◆ Exercise material:
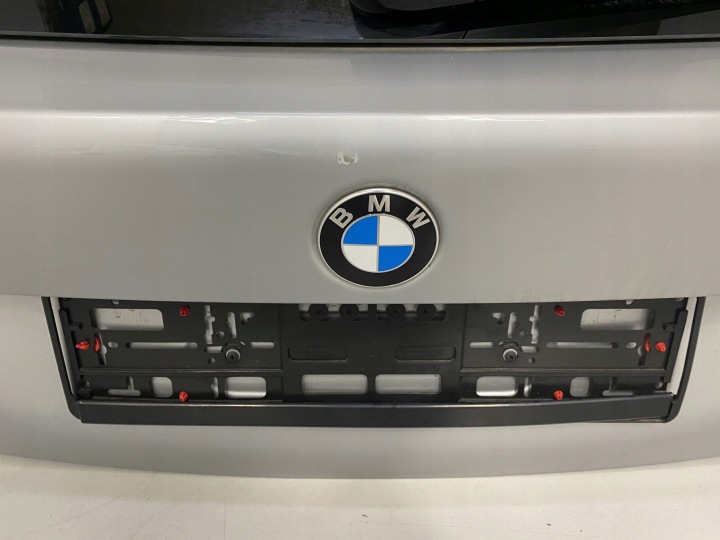 BMW 1 F40 2020 ARRIÈRE COUVERCLES DE COFFRE COUVERCLES DE COFFRE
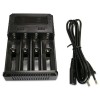 Nitecore Intellicharger D4 LCD Φορτιστής Μπαταριών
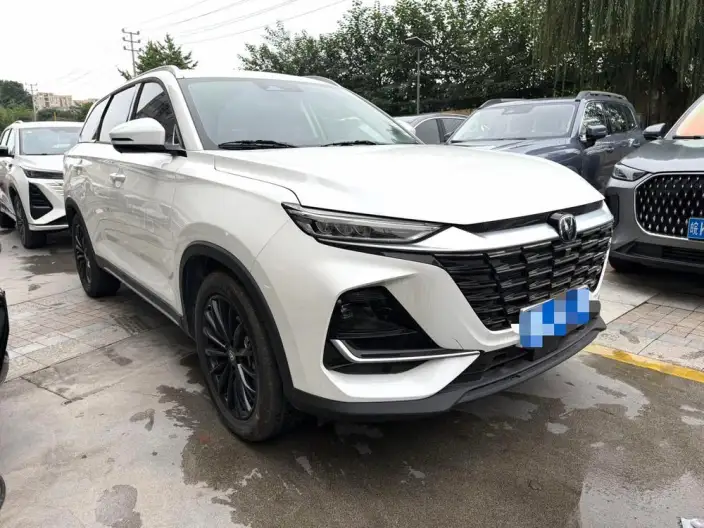 Changan CS75 2026 Model PRO 1.5T DCT Exclusive Model 7 seat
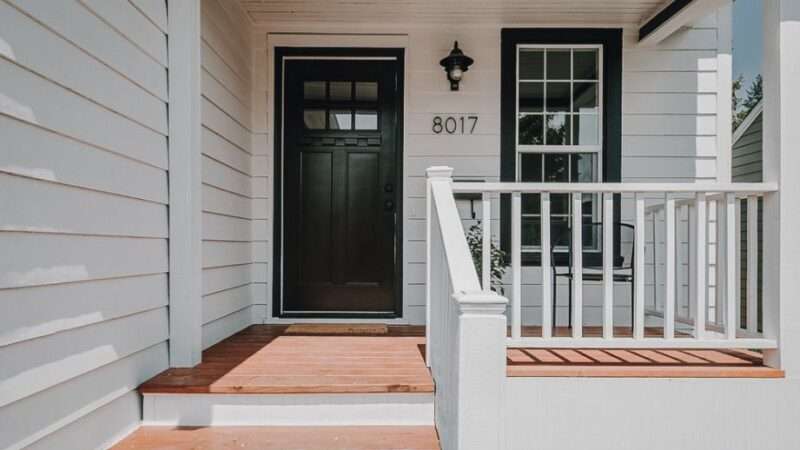 How to Choose The Front Door 0 (0)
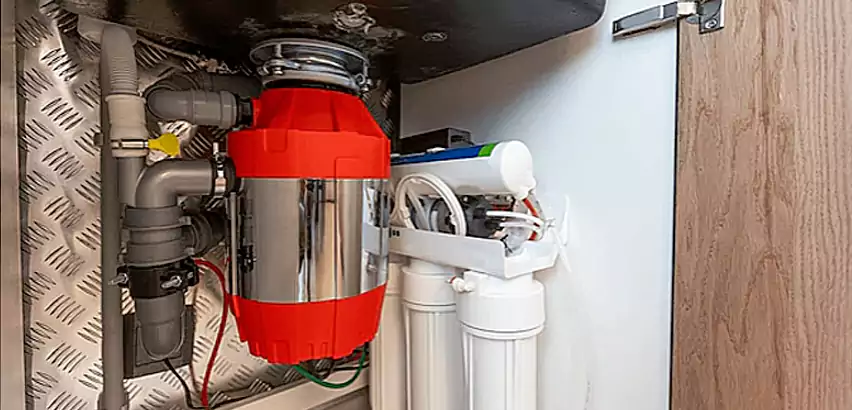 Garbage Disposal Switch Replacement in Rockwall, TX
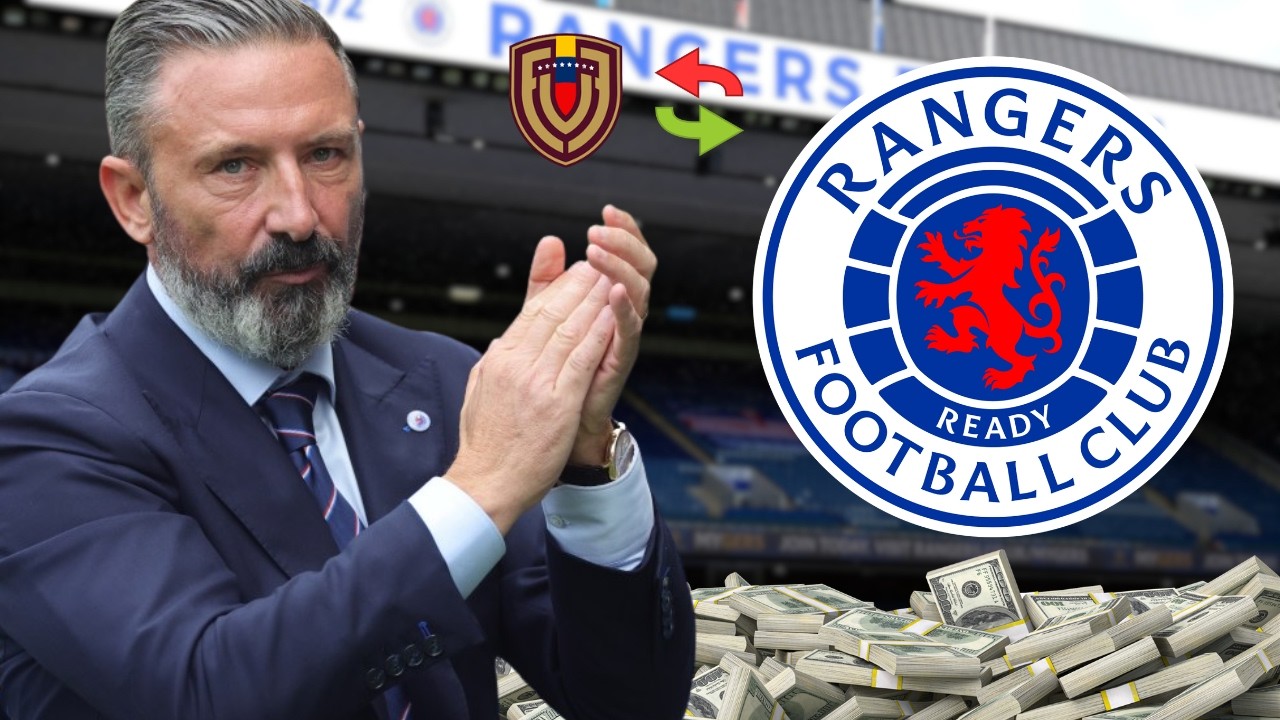 RANGERS SET TO SIGN VENEZUELAN STAR WORTH £7.60 MILLION ? | Gers Daily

◆ Required work: Leave the pictures out and reproduce exactly the lines from the line with "Garbage Disposal Switch" to the end of the material above.

◆ Written answer:
 Garbage Disposal Switch Replacement in Rockwall, TX
 RANGERS SET TO SIGN VENEZUELAN STAR WORTH £7.60 MILLION ? | Gers Daily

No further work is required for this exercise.